# TASK DIRECTIONS
In the data below, reproduce everything exactly except the images.

---- DATA EXTRACT

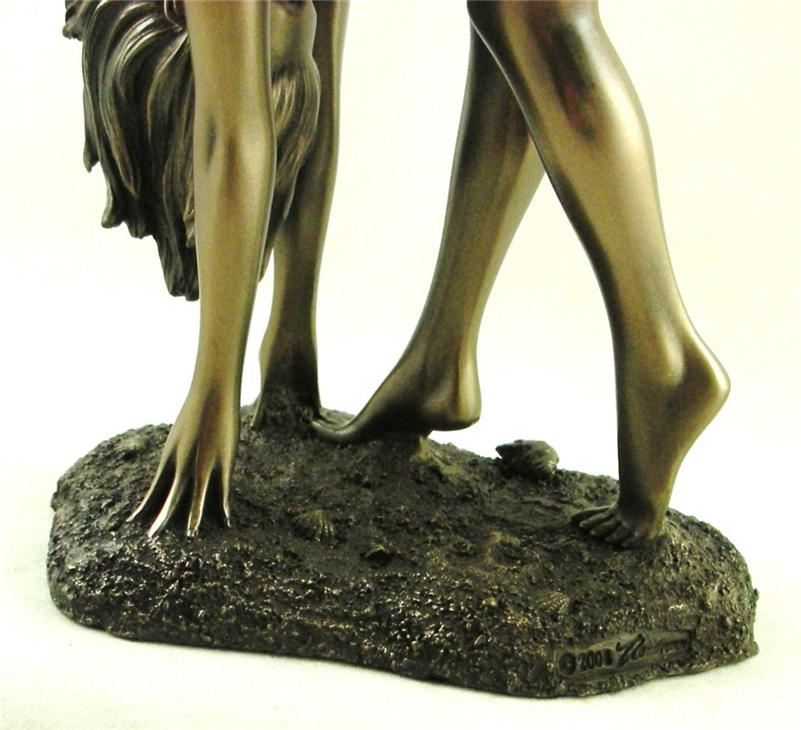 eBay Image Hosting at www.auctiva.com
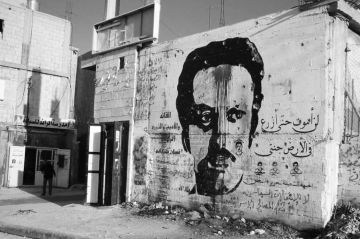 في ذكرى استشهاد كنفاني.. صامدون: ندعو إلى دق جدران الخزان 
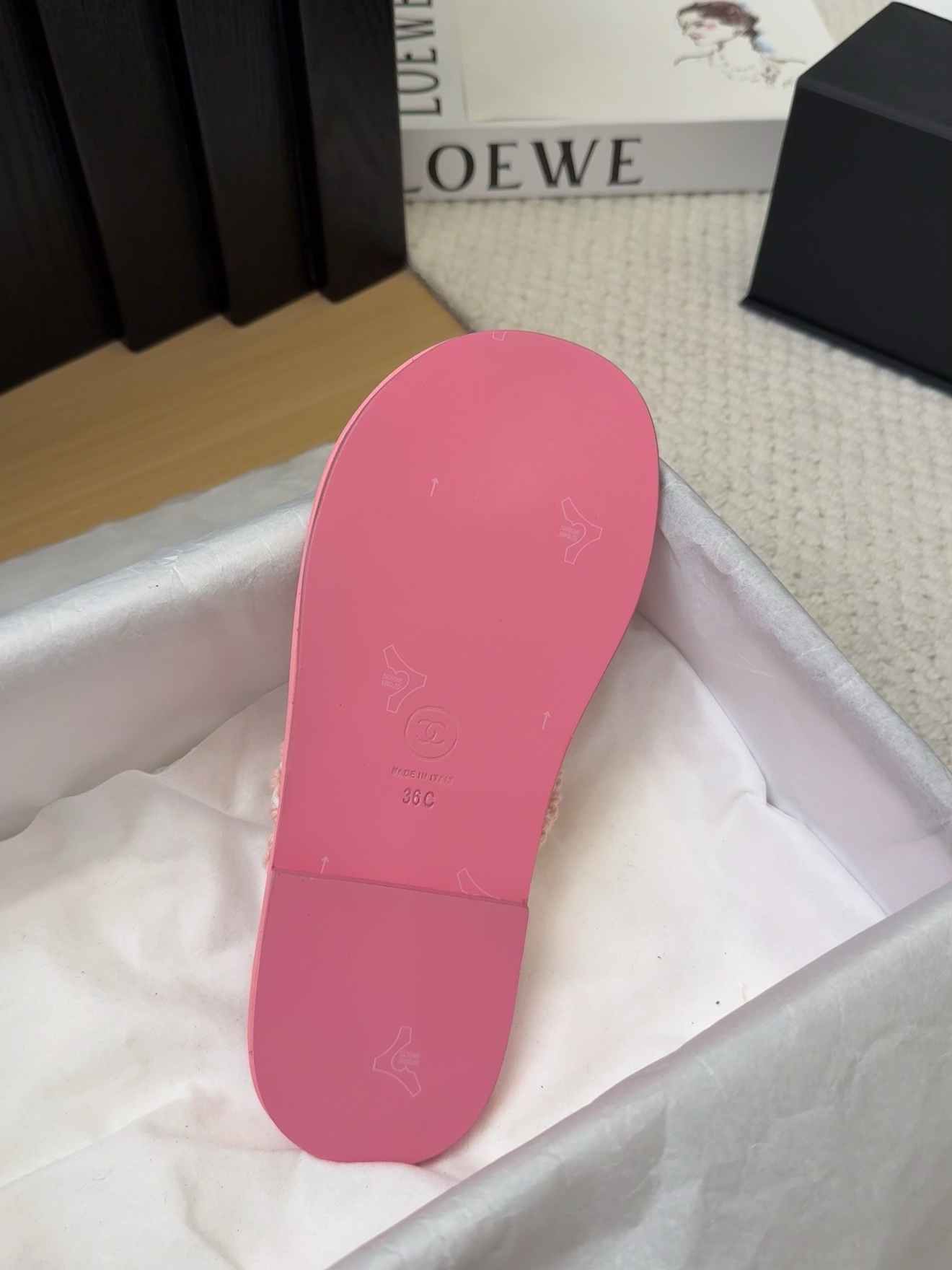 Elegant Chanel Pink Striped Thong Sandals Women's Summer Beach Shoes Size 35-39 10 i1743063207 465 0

--------

# ANSWER FOR THIS EXERCISE
 eBay Image Hosting at www.auctiva.com
 في ذكرى استشهاد كنفاني.. صامدون: ندعو إلى دق جدران الخزان 
 Elegant Chanel Pink Striped Thong Sandals Women's Summer Beach Shoes Size 35-39 10 i1743063207 465 0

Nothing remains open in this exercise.